Rocking on in Tokyo
Managing a rock band in Tokyo is not the usual career path for a CPIT graduate, but Tim McSherry couldn’t be happier. His ongoing fascination with Tokyo and obsession with rock music has led him in a direction he had never planned.
The journey started with a Bachelor of Language (Japanese) at CPIT and a move to Tokyo to teach, where Tim spent all of his spare time checking out the local music scene. “I have been organising DJ and band events in Tokyo for 2 ½ years,” Tim said. “It started out at a small rock bar with just a few friends playing songs as amateur DJs. It progressed into doing gigs with bands and making use of several venues for live music around Tokyo. This was never really planned.”

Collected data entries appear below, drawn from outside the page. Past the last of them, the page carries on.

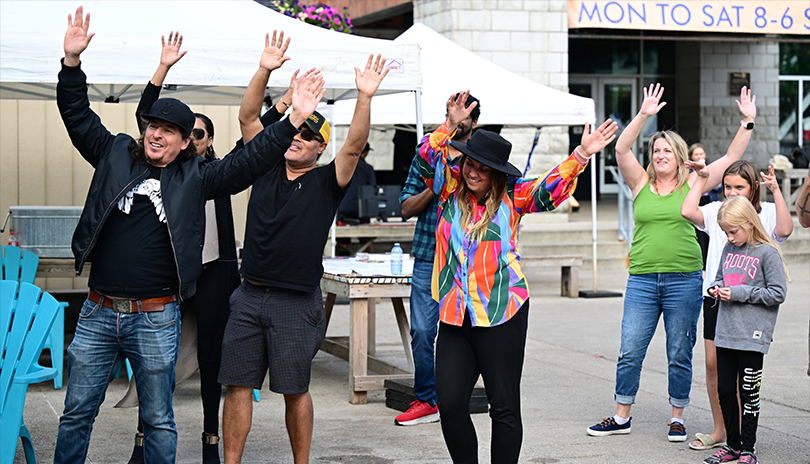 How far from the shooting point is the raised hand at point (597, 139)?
4180mm

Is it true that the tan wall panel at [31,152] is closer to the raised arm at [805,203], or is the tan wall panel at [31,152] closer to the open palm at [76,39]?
the open palm at [76,39]

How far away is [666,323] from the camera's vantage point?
223 inches

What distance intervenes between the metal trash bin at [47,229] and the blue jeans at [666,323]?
13.6 ft

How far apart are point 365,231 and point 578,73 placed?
11.3 meters

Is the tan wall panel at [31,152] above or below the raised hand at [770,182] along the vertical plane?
above

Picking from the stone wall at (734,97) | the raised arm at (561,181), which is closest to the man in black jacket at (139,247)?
the raised arm at (561,181)

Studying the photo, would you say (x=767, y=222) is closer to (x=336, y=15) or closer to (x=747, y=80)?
(x=336, y=15)

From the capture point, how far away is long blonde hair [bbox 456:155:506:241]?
170 inches

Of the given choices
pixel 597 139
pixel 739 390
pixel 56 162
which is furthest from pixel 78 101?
pixel 56 162

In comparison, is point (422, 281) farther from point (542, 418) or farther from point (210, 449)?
point (210, 449)

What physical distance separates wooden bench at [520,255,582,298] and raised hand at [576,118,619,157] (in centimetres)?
769

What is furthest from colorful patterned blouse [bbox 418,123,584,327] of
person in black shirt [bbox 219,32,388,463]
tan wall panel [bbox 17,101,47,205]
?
tan wall panel [bbox 17,101,47,205]

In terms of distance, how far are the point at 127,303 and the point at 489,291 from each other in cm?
155

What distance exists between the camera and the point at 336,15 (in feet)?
44.9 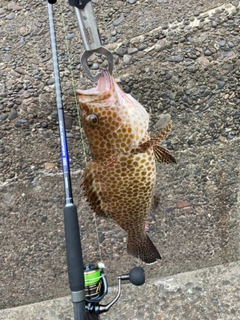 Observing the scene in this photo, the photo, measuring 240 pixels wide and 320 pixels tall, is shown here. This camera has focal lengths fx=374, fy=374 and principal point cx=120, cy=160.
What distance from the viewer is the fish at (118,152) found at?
1.32 m

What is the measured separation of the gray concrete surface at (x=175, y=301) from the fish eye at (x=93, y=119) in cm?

If you caught Japanese rock band thatta in Christchurch recently, you will know the five-piece synth-rock, ‘Madchester’-inspired, group (think The Stone Roses and Happy Mondays) deliver on their promise of a "fearless and frenetic" style.
The band, whose name means “random” and “mind expanding” in Japanese, have just toured New Zealand after supporting kiwi bands Die! Die! Die!, Decortica and Tiddebades in Tokyo. All this cross-cultural activity is due to Tim and a few others, but he is pretty relaxed about his long term prospects.

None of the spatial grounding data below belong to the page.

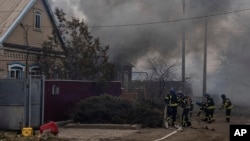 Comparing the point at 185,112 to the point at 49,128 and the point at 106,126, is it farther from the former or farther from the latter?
the point at 49,128

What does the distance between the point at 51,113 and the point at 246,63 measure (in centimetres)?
2322

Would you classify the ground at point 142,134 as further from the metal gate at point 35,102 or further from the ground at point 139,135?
the metal gate at point 35,102

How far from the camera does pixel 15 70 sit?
24703 mm

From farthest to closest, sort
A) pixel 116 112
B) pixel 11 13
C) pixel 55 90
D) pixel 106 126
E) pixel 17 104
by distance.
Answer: pixel 11 13, pixel 116 112, pixel 55 90, pixel 106 126, pixel 17 104

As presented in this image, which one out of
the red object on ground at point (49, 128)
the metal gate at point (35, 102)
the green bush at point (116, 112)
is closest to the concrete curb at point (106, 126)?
the green bush at point (116, 112)

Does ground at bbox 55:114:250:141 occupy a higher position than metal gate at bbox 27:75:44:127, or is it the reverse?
metal gate at bbox 27:75:44:127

“Over the last couple of years I've become more interested in the music scene here and I think I'd like to do what I can to help create more of an interest in Japanese indie music outside Japan. If this was to somehow turn into a career, then I guess that's something I would be happy with,” he said.
Meanwhile life in Tokyo offers all the lifestyle benefits of a one of the world’s great cities. “In Tokyo there's access to everything and anything one might be interested in - from eating out to sporting activities and entertainment. We are spoiled for choice.”

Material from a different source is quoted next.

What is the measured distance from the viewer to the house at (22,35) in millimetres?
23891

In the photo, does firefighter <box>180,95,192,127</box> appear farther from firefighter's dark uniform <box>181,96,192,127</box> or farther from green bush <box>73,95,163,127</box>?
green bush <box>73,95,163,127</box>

Tokyo also boasts an exciting blend of traditional and conservative culture crossed with a variety of contemporary fashion styles, music and art. And to explore this world, Tim says CPIT’s Japanese language programmes are an excellent preparation.
“I would recommend this course to anyone who is planning to further their studies in Japanese and to those who are interested in spending time in Japan in the future. It provides a solid foundation that one can easily build on through self-study and conversation, and therefore can gain an understanding from both a formal education and social background.”